Cette notion de partage est très importante en économie. Nous ne pouvons pas avoir une société à plusieurs vitesses, avec des mesures ciblées uniquement pour le haut de la pyramide sociale.

Cette idée selon laquelle aider les plus favorisés permet en retour d’aider les moins aisés est obsolète. Elle n’a jamais porté ses fruits et a eu pour résultat une montée inexorable des inégalités et de la pauvreté dans notre pays. Cela est reflété par la hausse du coefficient de Gini démontrant de manière on ne peut plus clair le creusement des inégalités en matière de revenus. 

Or, de nombreuses études démontrent de manière empirique l’impact négatif de l’augmentation des inégalités sur la croissance économique. Selon l’OCDE (Organisation de coopération et de développement économiques), une hausse du coefficient de Gini qui mesure l’inégalité des revenus de 0,03 point peut entraîner une baisse de la croissance économique de 0,35 point de pourcentage.

Aujourd’hui, nous avons une croissance économique beaucoup plus inclusive. Les derniers chiffres de Statistics Mauritius montrent une baisse du coefficient de Gini, impliquant un recul des inégalités. En y ajoutant l’impact du salaire minimum, du Negative income tax et de la baisse de l’impôt sur le revenu à 10 % pour ceux touchant jusqu’à Rs 50 000, cela réduirait certainement l’indice de Gini sous la barre de 0,4. Cela indique que cette nouvelle approche économique, en rupture complète avec la doctrine ultra-libérale que nous avons connue sur la période 2006 à 2014, apporte bien des résultats.

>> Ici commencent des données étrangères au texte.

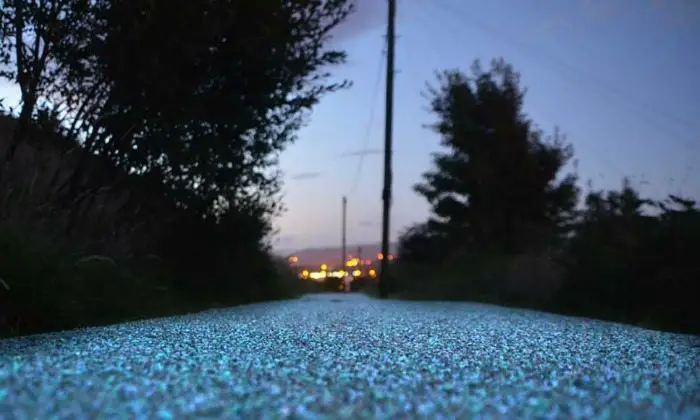 Glowing Driveway and Paths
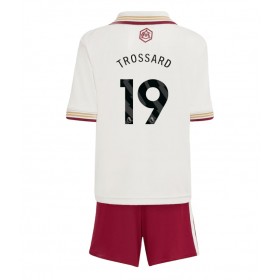 Arsenal Leandro Trossard #19 Tredje Kläder Barn 2025-26 Kortärmad (+ Korta byxor)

BUSINESS MAGAZINE. Vous parlez de nouvelle approche mais au-delà des slogans comme «Transformative journey», c’est quoi la philosophie du dernier Budget ?

Le Premier ministre s’est positionné à contre-courant de la philosophie ultra-libérale qui nous a guidé au cours de la précédente mandature. L’humain, la confiance et la notion d’inclusion sont au cœur de cette nouvelle pensée économique. Il en ressort, sans conteste, une dynamique plus novatrice. La progression des indices de confiance des consommateurs et des entrepreneurs témoigne de ce nouvel état d’esprit.


BUSINESS MAGAZINE. Toujours est-il qu’une croissance supérieure à 4 % paraît inaccessible voire une utopie tellement nous avons raté le coche.

L’économie est sur une courbe haussière et comme vous l’avez certainement constaté, nous sommes au seuil de la barre psychologique de 4%. La Banque mondiale a récemment rehaussé de 0,2 point sa prévision de croissance pour Maurice. Cette institution prévoit un taux de croissance économique de 4 % pour notre pays en 2018 et 4,1 % pour 2019.